• _Required action_: Starting at the top of the entries, restate word for word each line up to and including the one with "Pulsera Romance Plata".

• _Data supplied_:

== == ==

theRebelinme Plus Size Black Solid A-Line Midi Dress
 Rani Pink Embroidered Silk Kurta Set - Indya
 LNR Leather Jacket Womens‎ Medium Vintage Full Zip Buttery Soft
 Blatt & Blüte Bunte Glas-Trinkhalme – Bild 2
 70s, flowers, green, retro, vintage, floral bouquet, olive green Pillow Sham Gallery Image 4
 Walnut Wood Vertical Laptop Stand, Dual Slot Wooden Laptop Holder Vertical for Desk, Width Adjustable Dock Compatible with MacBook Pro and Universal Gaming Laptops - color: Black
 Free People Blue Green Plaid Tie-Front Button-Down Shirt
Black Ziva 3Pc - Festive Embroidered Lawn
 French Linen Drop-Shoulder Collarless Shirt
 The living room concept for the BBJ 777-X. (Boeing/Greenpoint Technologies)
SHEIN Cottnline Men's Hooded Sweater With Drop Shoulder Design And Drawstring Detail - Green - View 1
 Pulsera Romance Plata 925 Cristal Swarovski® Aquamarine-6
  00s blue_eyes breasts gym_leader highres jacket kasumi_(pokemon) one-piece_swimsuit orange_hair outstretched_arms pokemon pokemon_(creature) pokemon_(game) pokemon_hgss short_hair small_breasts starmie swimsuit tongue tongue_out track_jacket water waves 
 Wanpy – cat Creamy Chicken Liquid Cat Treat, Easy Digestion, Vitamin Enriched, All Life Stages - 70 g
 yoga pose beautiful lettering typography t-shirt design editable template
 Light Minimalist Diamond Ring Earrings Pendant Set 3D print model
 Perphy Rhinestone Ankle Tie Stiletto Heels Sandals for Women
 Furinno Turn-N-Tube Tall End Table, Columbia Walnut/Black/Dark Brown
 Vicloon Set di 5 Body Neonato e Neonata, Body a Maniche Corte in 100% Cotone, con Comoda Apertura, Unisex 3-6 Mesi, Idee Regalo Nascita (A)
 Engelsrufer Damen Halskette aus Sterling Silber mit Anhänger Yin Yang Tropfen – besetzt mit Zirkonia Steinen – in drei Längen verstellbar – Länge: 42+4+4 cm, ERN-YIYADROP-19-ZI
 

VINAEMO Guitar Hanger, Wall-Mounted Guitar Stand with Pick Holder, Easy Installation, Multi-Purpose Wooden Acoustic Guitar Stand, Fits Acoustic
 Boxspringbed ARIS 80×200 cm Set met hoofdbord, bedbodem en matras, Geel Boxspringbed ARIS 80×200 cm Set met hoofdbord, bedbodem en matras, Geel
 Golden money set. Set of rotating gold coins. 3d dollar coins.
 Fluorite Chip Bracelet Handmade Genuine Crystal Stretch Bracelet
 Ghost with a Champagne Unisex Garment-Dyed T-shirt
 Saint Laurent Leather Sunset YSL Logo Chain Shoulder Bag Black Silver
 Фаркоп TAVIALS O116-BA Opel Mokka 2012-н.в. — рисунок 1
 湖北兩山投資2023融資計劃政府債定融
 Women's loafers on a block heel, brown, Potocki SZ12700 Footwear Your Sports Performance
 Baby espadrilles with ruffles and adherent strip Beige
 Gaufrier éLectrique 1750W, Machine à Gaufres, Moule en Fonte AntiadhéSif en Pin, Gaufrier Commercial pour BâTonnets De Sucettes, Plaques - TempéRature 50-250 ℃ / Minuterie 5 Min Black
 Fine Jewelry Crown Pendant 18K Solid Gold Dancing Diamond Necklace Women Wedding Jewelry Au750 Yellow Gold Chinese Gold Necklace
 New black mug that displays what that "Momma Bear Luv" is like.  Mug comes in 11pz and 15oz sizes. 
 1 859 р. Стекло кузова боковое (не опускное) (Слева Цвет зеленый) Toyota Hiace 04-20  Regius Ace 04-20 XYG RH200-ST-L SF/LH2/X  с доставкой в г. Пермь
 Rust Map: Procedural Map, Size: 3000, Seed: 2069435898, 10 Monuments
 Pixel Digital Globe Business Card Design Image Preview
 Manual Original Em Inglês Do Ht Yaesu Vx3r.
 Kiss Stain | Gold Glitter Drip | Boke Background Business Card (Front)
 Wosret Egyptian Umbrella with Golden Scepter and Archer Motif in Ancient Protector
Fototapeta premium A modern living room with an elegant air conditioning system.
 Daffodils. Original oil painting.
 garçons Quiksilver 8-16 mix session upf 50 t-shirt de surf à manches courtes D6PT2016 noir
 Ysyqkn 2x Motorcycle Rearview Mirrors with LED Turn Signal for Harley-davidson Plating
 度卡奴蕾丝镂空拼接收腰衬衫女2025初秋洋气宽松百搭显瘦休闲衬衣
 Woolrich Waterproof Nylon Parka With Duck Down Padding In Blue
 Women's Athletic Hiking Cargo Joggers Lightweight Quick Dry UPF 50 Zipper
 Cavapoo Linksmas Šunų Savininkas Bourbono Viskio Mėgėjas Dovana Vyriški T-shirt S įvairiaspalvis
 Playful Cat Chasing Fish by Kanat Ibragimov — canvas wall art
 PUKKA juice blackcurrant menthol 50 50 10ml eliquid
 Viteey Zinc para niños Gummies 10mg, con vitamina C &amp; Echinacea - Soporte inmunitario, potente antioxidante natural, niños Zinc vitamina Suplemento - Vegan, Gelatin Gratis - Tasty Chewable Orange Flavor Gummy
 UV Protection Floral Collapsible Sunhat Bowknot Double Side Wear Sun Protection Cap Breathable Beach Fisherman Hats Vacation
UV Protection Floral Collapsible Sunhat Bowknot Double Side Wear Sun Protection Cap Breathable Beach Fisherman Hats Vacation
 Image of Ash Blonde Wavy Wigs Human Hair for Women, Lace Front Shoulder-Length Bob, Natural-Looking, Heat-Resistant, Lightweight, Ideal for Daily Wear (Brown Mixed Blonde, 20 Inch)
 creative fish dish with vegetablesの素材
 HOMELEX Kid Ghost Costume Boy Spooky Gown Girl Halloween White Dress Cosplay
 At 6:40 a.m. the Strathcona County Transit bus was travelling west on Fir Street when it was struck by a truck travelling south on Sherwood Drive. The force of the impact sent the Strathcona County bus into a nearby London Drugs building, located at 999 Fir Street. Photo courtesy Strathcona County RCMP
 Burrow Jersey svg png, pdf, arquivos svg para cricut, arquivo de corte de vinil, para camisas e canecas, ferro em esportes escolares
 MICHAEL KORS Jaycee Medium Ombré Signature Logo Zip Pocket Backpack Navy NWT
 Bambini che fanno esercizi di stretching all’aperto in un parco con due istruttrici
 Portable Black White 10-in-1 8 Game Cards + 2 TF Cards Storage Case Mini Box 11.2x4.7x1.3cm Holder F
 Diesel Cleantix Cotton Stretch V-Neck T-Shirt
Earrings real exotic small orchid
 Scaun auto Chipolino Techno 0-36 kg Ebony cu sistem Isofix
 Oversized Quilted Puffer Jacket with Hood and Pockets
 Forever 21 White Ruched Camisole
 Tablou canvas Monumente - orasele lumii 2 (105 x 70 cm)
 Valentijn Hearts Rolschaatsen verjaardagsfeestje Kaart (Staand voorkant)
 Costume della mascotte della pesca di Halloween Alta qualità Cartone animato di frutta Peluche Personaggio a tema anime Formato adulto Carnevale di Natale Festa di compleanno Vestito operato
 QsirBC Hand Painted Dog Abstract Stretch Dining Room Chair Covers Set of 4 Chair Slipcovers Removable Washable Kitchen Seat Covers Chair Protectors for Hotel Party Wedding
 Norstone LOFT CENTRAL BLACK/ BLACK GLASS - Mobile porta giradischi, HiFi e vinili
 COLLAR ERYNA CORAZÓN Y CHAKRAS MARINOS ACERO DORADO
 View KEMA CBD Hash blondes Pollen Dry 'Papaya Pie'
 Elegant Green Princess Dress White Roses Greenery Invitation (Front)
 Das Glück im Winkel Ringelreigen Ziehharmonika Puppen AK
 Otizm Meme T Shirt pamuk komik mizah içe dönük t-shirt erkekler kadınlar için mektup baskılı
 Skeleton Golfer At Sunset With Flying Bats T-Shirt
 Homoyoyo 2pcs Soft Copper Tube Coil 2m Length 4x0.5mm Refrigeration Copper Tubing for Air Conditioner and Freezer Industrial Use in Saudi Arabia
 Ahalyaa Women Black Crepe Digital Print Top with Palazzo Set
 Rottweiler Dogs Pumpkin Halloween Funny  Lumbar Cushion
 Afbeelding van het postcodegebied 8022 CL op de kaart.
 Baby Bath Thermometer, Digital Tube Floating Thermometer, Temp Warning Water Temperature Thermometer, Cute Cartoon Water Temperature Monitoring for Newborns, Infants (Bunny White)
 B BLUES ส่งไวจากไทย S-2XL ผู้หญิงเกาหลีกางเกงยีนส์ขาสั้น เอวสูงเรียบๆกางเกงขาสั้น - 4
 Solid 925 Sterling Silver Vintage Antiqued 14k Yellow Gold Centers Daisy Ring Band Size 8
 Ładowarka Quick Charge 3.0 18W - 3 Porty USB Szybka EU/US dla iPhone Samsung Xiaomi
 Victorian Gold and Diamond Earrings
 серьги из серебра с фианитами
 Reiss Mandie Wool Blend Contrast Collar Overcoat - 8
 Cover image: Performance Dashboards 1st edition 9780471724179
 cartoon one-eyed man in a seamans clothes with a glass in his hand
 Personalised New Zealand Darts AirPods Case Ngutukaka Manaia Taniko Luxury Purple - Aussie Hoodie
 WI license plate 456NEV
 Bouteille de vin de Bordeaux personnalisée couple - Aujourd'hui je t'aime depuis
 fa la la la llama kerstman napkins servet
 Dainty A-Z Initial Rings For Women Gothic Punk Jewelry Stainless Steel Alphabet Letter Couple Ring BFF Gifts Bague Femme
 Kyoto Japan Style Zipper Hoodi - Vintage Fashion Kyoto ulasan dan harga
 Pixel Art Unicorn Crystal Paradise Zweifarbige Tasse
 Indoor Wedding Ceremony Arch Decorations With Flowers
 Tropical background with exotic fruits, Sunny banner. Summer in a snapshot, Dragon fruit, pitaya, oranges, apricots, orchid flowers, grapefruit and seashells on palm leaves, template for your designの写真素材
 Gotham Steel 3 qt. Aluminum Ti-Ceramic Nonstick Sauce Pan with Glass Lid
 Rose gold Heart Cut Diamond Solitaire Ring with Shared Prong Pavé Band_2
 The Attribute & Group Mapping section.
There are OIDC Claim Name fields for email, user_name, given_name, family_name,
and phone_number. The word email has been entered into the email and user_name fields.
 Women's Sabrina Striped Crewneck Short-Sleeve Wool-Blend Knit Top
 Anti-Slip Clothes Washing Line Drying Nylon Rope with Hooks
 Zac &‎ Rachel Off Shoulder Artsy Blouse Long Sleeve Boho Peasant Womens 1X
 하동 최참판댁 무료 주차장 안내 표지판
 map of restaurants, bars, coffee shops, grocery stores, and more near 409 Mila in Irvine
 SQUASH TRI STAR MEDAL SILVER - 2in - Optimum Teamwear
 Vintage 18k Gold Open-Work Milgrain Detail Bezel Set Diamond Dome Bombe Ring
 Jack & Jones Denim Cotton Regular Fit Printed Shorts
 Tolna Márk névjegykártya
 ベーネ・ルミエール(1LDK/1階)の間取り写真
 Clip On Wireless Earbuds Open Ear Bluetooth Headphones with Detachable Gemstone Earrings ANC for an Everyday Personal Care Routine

== == ==

• _Answer space_:
theRebelinme Plus Size Black Solid A-Line Midi Dress
 Rani Pink Embroidered Silk Kurta Set - Indya
 LNR Leather Jacket Womens‎ Medium Vintage Full Zip Buttery Soft
 Blatt & Blüte Bunte Glas-Trinkhalme – Bild 2
 70s, flowers, green, retro, vintage, floral bouquet, olive green Pillow Sham Gallery Image 4
 Walnut Wood Vertical Laptop Stand, Dual Slot Wooden Laptop Holder Vertical for Desk, Width Adjustable Dock Compatible with MacBook Pro and Universal Gaming Laptops - color: Black
 Free People Blue Green Plaid Tie-Front Button-Down Shirt
Black Ziva 3Pc - Festive Embroidered Lawn
 French Linen Drop-Shoulder Collarless Shirt
 The living room concept for the BBJ 777-X. (Boeing/Greenpoint Technologies)
SHEIN Cottnline Men's Hooded Sweater With Drop Shoulder Design And Drawstring Detail - Green - View 1
 Pulsera Romance Plata 925 Cristal Swarovski® Aquamarine-6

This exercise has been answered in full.